No attempts at mitigation or assistance can reduce the # of 1s added to the alarm pool after a complete fumble is triggered.
If the fumble had enough successes to succeed at the action, the action might be completed. For example, if picking a lock, the lock with still be picked at the end of a critical fumble, but the door might open to a room full of guards, a silent alarm might be triggered, or someone might spot the character kneeling in front of the door on a camera. In some circumstances, having the action succeed might actually be harmful, but it will still complete.
Extended Tests
Not all failed tests must be abandoned. Some tests are able to cumulate successes over a space of time. Extended tests keep all of the mistakes and successes from each previous roll until the action is successful or abandoned, at which point they are resolved. Mistakes can be negated by team efforts during each round, otherwise they will be added to the alert pool when the action ends.
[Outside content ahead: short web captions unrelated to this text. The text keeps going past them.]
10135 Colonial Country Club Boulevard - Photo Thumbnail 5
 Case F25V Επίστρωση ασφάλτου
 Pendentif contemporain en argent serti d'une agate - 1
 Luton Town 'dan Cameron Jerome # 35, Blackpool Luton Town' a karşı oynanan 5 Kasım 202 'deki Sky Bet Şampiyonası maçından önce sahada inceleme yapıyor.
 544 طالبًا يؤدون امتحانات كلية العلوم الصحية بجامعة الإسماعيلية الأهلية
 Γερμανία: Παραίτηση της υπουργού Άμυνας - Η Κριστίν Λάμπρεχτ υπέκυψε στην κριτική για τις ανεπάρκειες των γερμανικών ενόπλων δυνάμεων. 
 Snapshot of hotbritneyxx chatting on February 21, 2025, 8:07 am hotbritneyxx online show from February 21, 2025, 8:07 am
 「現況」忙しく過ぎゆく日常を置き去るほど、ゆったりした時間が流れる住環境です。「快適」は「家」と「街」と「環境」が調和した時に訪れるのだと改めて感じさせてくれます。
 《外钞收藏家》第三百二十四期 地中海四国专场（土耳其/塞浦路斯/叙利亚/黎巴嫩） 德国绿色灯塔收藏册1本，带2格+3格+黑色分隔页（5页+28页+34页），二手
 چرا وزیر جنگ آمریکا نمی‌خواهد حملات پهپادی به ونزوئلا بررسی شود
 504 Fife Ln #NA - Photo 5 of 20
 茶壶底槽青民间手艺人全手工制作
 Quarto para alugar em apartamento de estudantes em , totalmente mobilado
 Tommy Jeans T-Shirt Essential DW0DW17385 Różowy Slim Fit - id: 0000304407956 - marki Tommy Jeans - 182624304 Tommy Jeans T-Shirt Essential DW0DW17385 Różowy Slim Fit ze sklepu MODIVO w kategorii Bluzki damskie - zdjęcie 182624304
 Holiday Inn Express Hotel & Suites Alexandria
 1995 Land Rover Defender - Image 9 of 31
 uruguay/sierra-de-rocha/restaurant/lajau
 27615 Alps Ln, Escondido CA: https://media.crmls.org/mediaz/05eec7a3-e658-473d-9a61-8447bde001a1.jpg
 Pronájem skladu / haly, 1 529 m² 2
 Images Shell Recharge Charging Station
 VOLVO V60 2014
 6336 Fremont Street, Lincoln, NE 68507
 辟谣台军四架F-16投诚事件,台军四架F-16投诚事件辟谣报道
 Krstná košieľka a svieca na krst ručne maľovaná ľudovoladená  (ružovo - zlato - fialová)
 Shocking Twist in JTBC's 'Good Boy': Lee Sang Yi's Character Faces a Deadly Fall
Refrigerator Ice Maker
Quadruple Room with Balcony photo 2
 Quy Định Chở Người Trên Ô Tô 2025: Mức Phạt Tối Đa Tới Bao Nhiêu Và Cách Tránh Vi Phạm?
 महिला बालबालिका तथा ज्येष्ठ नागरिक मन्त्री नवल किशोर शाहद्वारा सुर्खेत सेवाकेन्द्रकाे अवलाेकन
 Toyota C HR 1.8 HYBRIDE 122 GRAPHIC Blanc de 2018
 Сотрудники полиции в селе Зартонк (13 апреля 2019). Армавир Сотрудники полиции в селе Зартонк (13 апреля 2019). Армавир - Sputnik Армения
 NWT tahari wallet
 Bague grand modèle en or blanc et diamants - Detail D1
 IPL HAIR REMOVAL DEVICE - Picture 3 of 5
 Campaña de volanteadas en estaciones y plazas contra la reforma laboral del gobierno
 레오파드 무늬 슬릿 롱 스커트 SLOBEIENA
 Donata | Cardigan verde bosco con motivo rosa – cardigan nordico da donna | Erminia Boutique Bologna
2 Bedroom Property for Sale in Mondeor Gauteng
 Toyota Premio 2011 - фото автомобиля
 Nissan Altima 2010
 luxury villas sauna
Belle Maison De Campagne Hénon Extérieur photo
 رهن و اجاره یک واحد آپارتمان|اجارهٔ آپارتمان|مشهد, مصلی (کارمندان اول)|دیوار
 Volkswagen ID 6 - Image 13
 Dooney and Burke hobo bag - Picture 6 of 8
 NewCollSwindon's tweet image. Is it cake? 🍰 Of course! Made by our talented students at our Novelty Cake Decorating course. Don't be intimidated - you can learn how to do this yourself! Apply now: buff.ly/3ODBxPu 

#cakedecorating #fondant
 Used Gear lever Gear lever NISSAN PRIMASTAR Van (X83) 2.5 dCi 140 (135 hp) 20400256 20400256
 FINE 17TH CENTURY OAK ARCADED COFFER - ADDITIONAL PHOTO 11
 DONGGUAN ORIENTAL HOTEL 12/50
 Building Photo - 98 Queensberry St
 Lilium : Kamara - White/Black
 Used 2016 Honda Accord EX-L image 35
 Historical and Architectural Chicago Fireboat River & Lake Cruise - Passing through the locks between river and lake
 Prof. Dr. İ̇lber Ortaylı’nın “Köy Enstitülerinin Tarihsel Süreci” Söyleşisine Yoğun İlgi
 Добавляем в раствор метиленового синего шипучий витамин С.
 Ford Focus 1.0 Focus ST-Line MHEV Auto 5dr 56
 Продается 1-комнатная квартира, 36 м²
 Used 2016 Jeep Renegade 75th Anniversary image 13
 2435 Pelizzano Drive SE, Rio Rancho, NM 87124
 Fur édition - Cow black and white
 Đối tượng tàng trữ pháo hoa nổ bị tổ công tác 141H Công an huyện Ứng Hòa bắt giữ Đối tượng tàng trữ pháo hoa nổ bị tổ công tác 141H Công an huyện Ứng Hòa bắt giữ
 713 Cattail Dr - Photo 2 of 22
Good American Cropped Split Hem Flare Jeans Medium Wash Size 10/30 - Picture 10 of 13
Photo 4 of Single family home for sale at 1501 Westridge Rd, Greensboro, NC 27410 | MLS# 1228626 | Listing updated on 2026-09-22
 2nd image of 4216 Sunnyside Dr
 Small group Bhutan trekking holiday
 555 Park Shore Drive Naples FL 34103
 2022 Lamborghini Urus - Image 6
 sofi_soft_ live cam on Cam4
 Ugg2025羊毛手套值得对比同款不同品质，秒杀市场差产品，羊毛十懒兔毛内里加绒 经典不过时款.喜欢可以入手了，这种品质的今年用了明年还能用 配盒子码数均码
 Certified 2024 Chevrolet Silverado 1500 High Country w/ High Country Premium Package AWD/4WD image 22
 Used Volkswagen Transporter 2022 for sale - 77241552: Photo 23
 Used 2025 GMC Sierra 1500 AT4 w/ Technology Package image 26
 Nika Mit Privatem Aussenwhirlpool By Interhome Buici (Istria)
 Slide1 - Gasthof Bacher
Any success overages can be spent during the final action resolution as normal.
Each roll takes the full duration of the action test. For a crafting check that lasts hours, this means each roll represents a loss of hours.
When attempting a simple success-fail extended test, the character will lose all accumulated efforts if they take any other actions until the test ends.
When attempting a cumulative-success extended test, the character will keep all successes but immediately resolve mistakes if they take any other actions.
For example:
An extended test to pick a door lock: Each roll counts as half a minute. If the character stops picking the lock they trigger mistakes and must start over if they pick the lock again.
An extended test to digitally research a mark: Each roll counts as an hour. If the character stops researching they trigger mistakes but keep the research gathered.
Metered Trackers
For some extended tests and situations, [Working title] leverages a metered tracker. These trackers mark incremental situation changes over time.
For each filled tier of a metered track, effects will apply to characters. This may include circumstantial changes and dice pool bonuses or penalties.
The outcomes of some simple checks may impact ongoing metered trackers, such as a fumbled check raising the alert level.
Most metered tracks have a limit or cap. When the metered track is completely filled, additional effects may occur and spillover to other tracks may be triggered.
Metered trackers are cumulative. Effects from each previous tiers apply even after moving on to the next tier.